> [Brief] Using the records below, transcribe word for word the stretch from the line that contains "熊猫基地新生幼崽首次展出 咱就是说，这毛茸茸的也太可爱了吧！#熊猫" through the line that contains "Why do children lose their baby teeth ?", both end lines included, and nothing else.

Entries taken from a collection
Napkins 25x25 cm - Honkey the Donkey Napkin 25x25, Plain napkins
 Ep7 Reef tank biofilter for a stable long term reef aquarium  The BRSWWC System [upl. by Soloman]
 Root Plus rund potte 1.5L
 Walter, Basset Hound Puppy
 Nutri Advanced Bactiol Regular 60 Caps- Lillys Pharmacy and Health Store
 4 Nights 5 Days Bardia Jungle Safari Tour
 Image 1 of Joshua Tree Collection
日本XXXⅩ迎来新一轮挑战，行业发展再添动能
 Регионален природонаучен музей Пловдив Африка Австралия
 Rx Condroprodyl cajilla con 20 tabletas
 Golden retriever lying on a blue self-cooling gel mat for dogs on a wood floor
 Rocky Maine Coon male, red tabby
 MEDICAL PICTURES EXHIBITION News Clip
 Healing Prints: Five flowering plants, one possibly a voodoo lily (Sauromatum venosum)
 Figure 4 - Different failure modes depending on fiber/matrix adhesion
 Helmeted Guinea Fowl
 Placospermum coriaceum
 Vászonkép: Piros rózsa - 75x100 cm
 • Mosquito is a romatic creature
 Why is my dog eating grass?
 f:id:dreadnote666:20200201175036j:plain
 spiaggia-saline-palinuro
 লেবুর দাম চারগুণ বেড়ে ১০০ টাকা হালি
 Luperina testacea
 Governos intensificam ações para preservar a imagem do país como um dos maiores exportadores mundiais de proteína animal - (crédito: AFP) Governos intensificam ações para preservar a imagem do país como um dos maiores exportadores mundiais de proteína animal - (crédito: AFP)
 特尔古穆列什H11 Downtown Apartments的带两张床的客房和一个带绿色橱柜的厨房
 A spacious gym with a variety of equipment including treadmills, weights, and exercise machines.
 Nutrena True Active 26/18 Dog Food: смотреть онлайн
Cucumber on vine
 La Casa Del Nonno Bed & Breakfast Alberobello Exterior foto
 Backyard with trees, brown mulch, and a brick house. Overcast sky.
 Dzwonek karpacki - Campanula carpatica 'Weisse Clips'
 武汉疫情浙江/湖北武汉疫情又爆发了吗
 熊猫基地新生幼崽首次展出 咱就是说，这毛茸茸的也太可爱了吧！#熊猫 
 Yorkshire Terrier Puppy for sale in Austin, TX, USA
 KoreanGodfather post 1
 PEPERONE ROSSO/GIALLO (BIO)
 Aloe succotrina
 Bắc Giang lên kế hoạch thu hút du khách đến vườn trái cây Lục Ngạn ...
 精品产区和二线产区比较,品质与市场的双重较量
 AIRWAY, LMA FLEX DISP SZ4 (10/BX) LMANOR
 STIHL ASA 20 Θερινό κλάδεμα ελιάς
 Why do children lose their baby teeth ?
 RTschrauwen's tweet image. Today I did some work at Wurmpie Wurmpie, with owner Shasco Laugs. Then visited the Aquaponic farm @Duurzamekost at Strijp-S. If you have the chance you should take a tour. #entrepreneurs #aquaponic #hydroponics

> [Result below]
 熊猫基地新生幼崽首次展出 咱就是说，这毛茸茸的也太可爱了吧！#熊猫 
 Yorkshire Terrier Puppy for sale in Austin, TX, USA
 KoreanGodfather post 1
 PEPERONE ROSSO/GIALLO (BIO)
 Aloe succotrina
 Bắc Giang lên kế hoạch thu hút du khách đến vườn trái cây Lục Ngạn ...
 精品产区和二线产区比较,品质与市场的双重较量
 AIRWAY, LMA FLEX DISP SZ4 (10/BX) LMANOR
 STIHL ASA 20 Θερινό κλάδεμα ελιάς
 Why do children lose their baby teeth ?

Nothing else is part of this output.